はっきりと油圧アシストと解った上で運転したクルマはあおさんのかつての愛車プジョー 206SW S16とミュージシャン仲間KさんのBMW 135iクーペ、そして1年弱だけ我が家にいたNCECロードスターだけなのだが、ぼんやり運転しててもありゃわかる。と書いていて「159、実は電子制御でしたー!」なんて恥はかきたくないのでググったら、思った通り油圧だった。うむうむ。ですよね。もっともGoogleの検索結果は159油圧パワステの様々な種類の故障と修理事例のオンパレードだったが……。
159の運転席に座ってハンドルを見れば「でかいクルマのハンドルはでかいんだな」と直感するレベル。で、実際の操作に対する動作は前々段に書いたとおり。微舵域の動かし始めのウルトラスムースさは今でも「お!」と破顔してしまうし、速度を上げても下げても路面情報やタイヤが今どれくらいどっちを向いているかが伝わってくる。

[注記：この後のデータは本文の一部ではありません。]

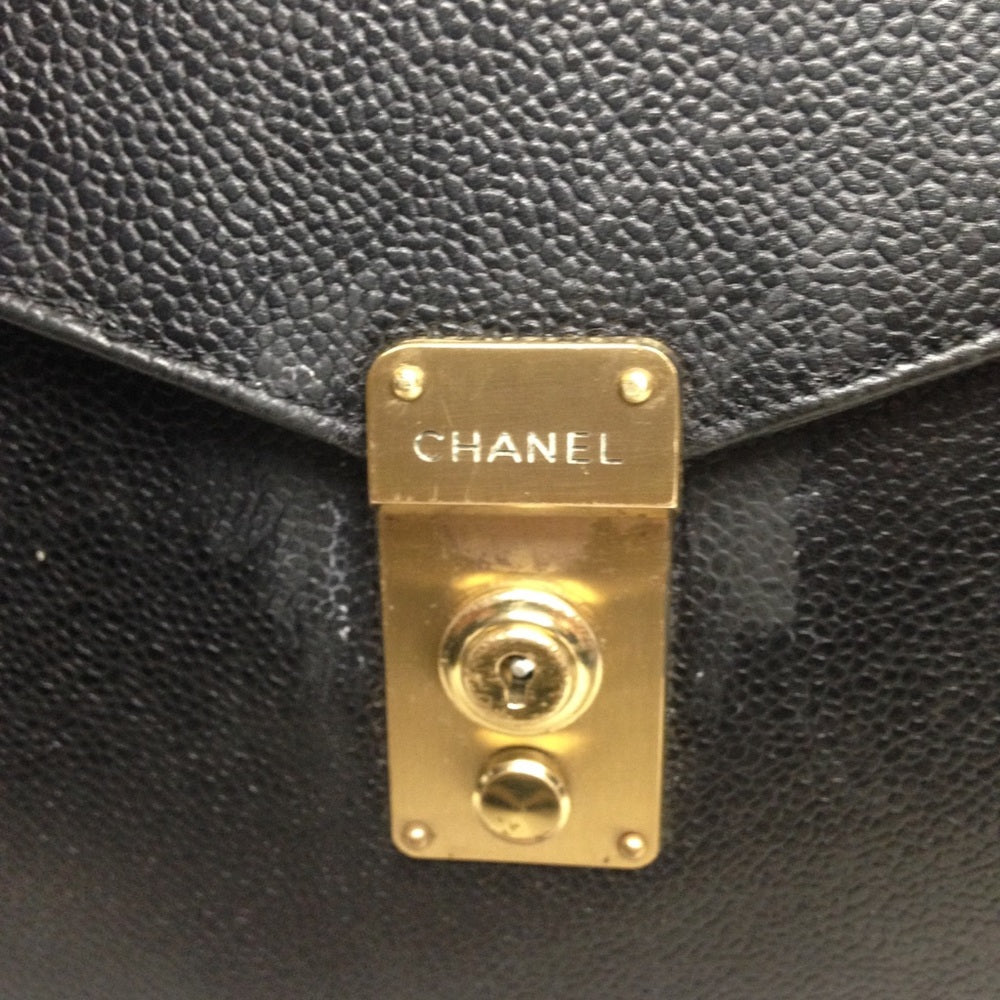 Authentic, Chanel Uni-sex Black Leather Briefcase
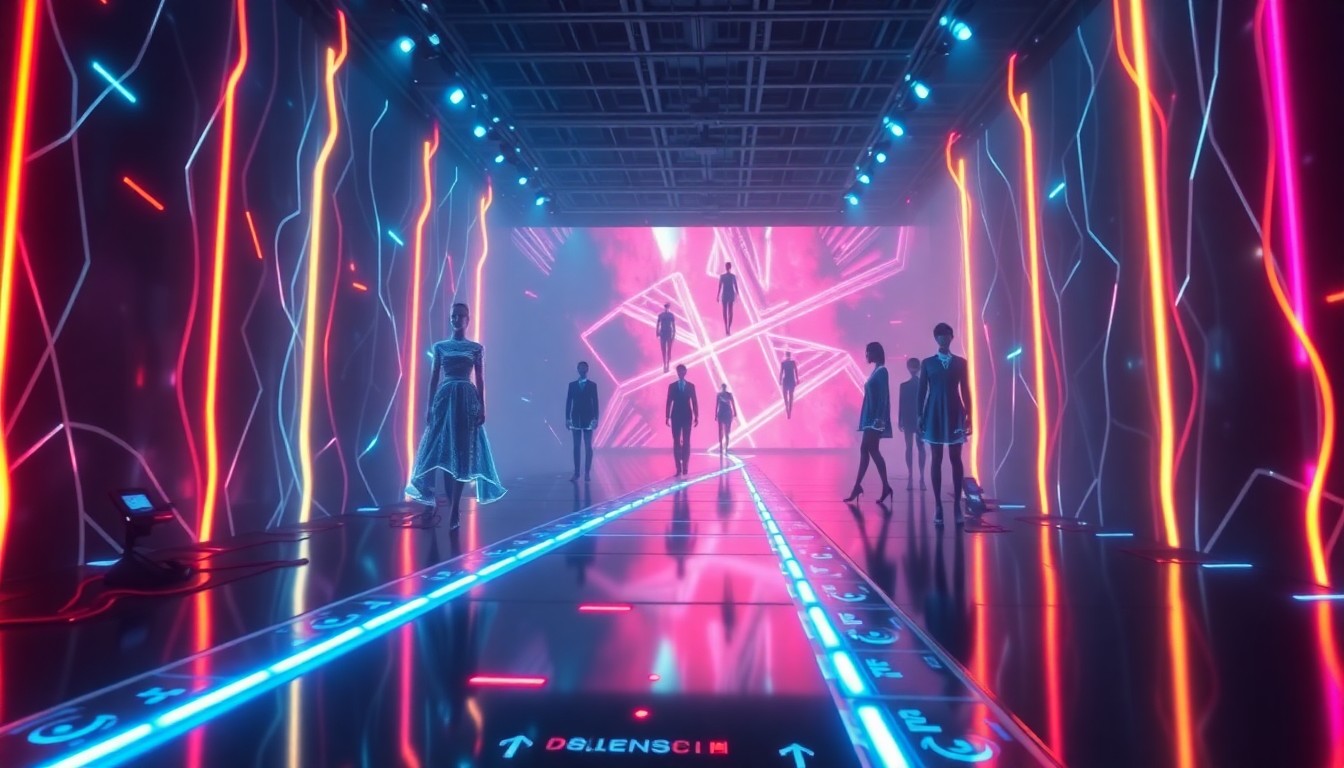 A highly detailed, glowing 3D illustration of a futuristic fashion runway stage with holographic models, luminous fiber-optic cables, and pulsing neon lights, conceptually representing the convergence of high-tech innovation and creative fashion design.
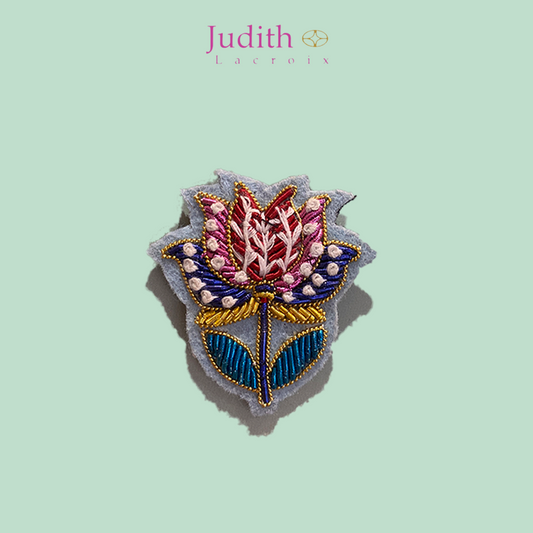 Broche - Fleur bleue
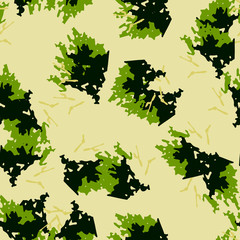 Field UFO camouflage of various shades of green and yellow colors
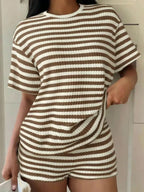 Women's Textured Stripe Lounge Set With Short Sleeve Top And Shorts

どっしり構えて回るハンドルと緻密な開き方のAペダルの挙動を合わせて考えると、159は慌てて入力操作をすべきクルマではないということが自然と解る。そうかそうか、そりゃそうだよなと運転を重ねている時にふと気が付いた。そもそも159はTシャツにドライビングシューズで運転するようなクルマじゃない。基本的にカジュアルよりもフォーマルな場面を想定して調律されているんじゃないか。実際にソール厚めの靴で運転してみたところ、特にAペダル開度の調整はこっちの方が楽だった。神経質にならずにすむ。厚底というフィルターを咬ませるくらいでちょうど良い。そういうペダル操作があって初めてステアリング機構の緻密さもちょうど良く味わえるのだ。そして制動性能も当然これらの挙動に沿ったものになっているのだった。
「アルファロメオ 159を考えるシリーズ」
その1 運転環境
その2 加速
その3 旋回(本稿)
制動
その他
おまけ:159が思いがけずフィーチュアリングされた下記の映像のような運転は、だから本懐ではない。でも2台も出てくるから嬉しい(笑)。プロドライバーって凄いですね。
オルガ・キュリレンコはかわいいんだが脱がねえし……
お久しぶりです。
MitoやロドスタのMT車に乗ってた頃は底が薄いスニーカーやドライビングシューズの出番が多かったものです。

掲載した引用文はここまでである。